12. A cyclone dust collecting apparatus comprising: a cyclone body
with an air inlet for drawing in contaminant-laden air, an air
outlet for discharging the air to the outside, and a cyclone
chamber for separating contaminant from the air; and a filter
assembly formed in the cyclone chamber to filter the air discharged
from the air outlet; wherein the filter assembly comprises, a
connection part engaged with the air outlet, a filter part
connected with a bottom end of the connection part and being a
reverse-conical configuration having a diameter that decreases in a
direction away from the connection part, and an air path formed
around the filter part to guide the air into the filter part so
that a first portion of the air to flows in a perpendicular
direction to a central axis of the filter part and a second portion
of the air flows in a parallel direction to the central axis.
13. The apparatus according to claim 12, wherein the cyclone
chamber has a reverse-conical inner wall that corresponds to a
shape of the filter part.
14. The apparatus according to claim 13, wherein the cyclone
chamber comprises a primary cyclone chamber and a secondary chamber
to centrifugally separate contaminant from the air in two steps,
and wherein the filter assembly is formed in the primary cyclone
chamber and the reverse-conical inner wall is formed in the primary
cyclone chamber.
15. The apparatus according to claim 12, wherein the filter part
comprises a spiral structure formed in a forward direction of a
flowing direction of the air.
16. The apparatus according to claim 12, wherein the filter part
comprises a plurality of ring members each with a different
diameter, the plurality of ring members being sequentially and
coaxially arranged in a direction of the central axis of the filter
part so as not to overlap each other.
17. The apparatus according to claim 16, wherein the filter
assembly further comprises a plurality of slits formed between the
filter part and the connection part.
18. The apparatus according to claim 12, wherein the filter
assembly further comprises a supporting rib formed in a direction
of the central axis of the filter part to support the filter part.
Description
CROSS-REFERENCE TO RELATED APPLICATIONS
[0001] This application claims the benefit of Korean Patent
Application No. 2005-33707 filed on Apr. 22, 2005, in the Korean
Intellectual Property Office, the disclosure of which is
incorporated herein by reference in its entirety.

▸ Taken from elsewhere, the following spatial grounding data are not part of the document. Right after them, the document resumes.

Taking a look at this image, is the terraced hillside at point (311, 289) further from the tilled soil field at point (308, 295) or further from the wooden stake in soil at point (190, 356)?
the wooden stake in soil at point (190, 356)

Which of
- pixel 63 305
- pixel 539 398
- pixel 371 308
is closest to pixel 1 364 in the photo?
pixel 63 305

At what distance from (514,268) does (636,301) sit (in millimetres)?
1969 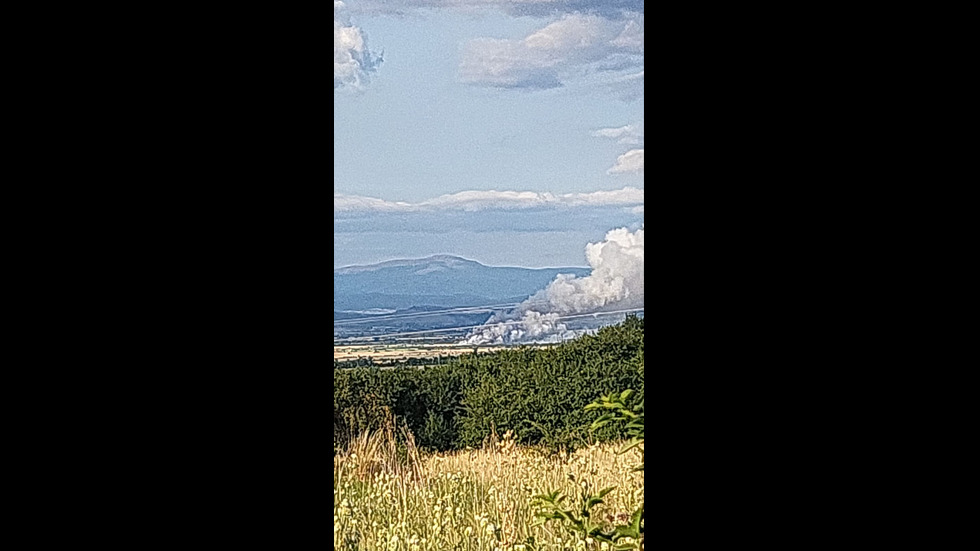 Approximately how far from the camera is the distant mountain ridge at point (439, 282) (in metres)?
3.27

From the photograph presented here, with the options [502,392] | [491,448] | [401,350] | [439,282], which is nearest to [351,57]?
[439,282]

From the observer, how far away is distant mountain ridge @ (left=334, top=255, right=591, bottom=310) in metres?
3.27

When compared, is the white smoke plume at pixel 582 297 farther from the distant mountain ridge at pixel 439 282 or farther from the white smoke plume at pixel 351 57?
the white smoke plume at pixel 351 57

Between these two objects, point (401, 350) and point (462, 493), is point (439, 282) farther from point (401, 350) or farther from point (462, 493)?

BACKGROUND OF THE INVENTION
[0002] 1. Field of the Invention
[0003] The present invention relates to a dust collecting
apparatus. More particularly, the present invention relates to a
cyclone dust collecting apparatus for a vacuum cleaner in which
dust and alien substance (hereinafter, contaminant)-laden air forms
a rotating stream and contaminant can be separated from the
rotating stream by centrifugal force, and a filter assembly
employed by the cyclone dust collecting apparatus.
[0004] 2. Description of the Related Art
[0005] FIG. 1 is a schematic view of a general cyclone dust
collecting apparatus for a vacuum cleaner.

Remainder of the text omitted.